13
votes

In RoR, it is pretty common mistake for new people to load a class and assiocations like this# the solution to eager load

# The bellow generates an insane amount of queries
# post has many comments
# If you have 10 posts with 5 comments each
# this will run 11 queries 
posts = Post.find(:all)
posts.each do |post|
  post.comments
end

The solution is pretty simple to eager load

# should be 2 queries
# no matter how many posts you have
posts = Post.find(:all, :include => :comments) # runs a query to get all the comments for all the posts
posts.each do |post|
  post.comments # runs a query to get the comments for that post
end

But what if you don't have access to the class methods, and only have access to a collection of instance methods.

Then you are stuck with the query intensive lazy loading.

Is there a way to minimize queries to get all the comments for the collection of posts, from the collection of instances?
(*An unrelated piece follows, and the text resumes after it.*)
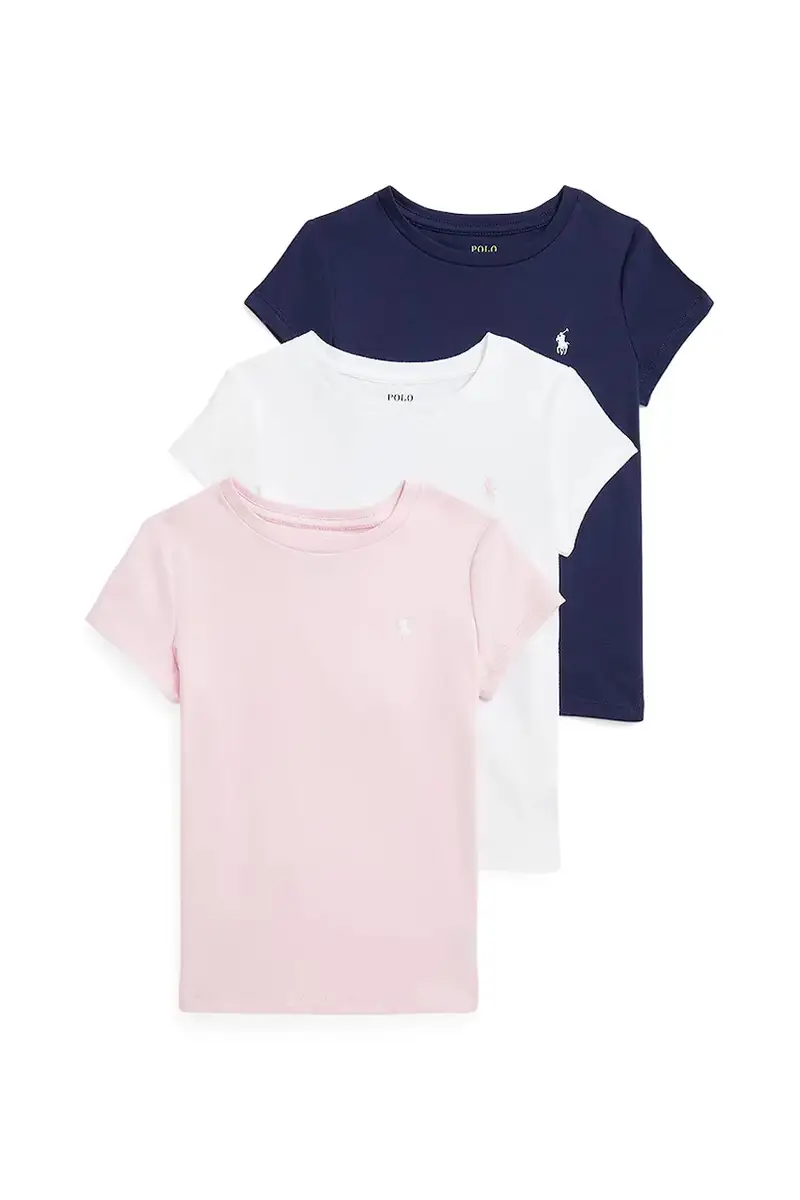 Polo Ralph Lauren T-shirt Rosa 3169337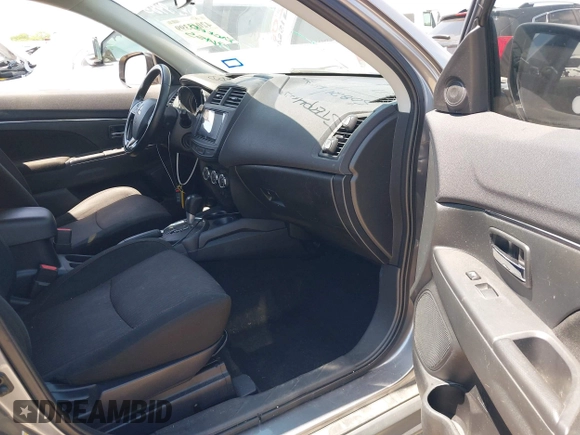 2016 Mitsubishi Outlander SE with VIN JA4AP3AW1GZ049485, listed as a IAAI auction lot 42043399 with 111,968 mi miles and . Bid and sale history available at DreamBid. Image 5.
Addition for Answer (also added to the code above)


So to eager load from what I can see in the rdoc for rails is a class method on any extension of ActiveRecord::Associations, the problem is say you you don't have the ability to use a class method, so you need to use some sort of instance method

a code example of what I think it would look like would be is something like

post = Posts.find(:all)
posts.get_all(:comments) # runs the query to build comments into each post without the class method.
3

3 Answers

26
votes

In Rails 3.0 and earlier you can do:

Post.send :preload_associations, posts, :comments

You can pass arrays or hashes of association names like you can to include:

Post.send :preload_associations, posts, :comments => :users

In Rails 3.1 this has been moved and you use the Preloader like this:

ActiveRecord::Associations::Preloader.new(posts, :comments).run()

And since Rails 4 its invocation has changed to:

ActiveRecord::Associations::Preloader.new.preload(posts, :comments)
0
votes

I think I get what you're asking.

However, I don't think you have to worry about what methods you have access to. The foreign key relationship (and the ActiveRecord associations, such as has_many, belongs_to, etc.) will take care of figuring out how to load the associated records.

If you can provide a specific example of what you think should happen, and actual code that isn't working, it would be easier to see what you're getting at.

0
votes

How are you obtaining your collection of model instances, and what version of Rails are you using?

Are you saying that you have absolutely no access to either controllers or models themselves?

giving you the best answer depends on knowing those things.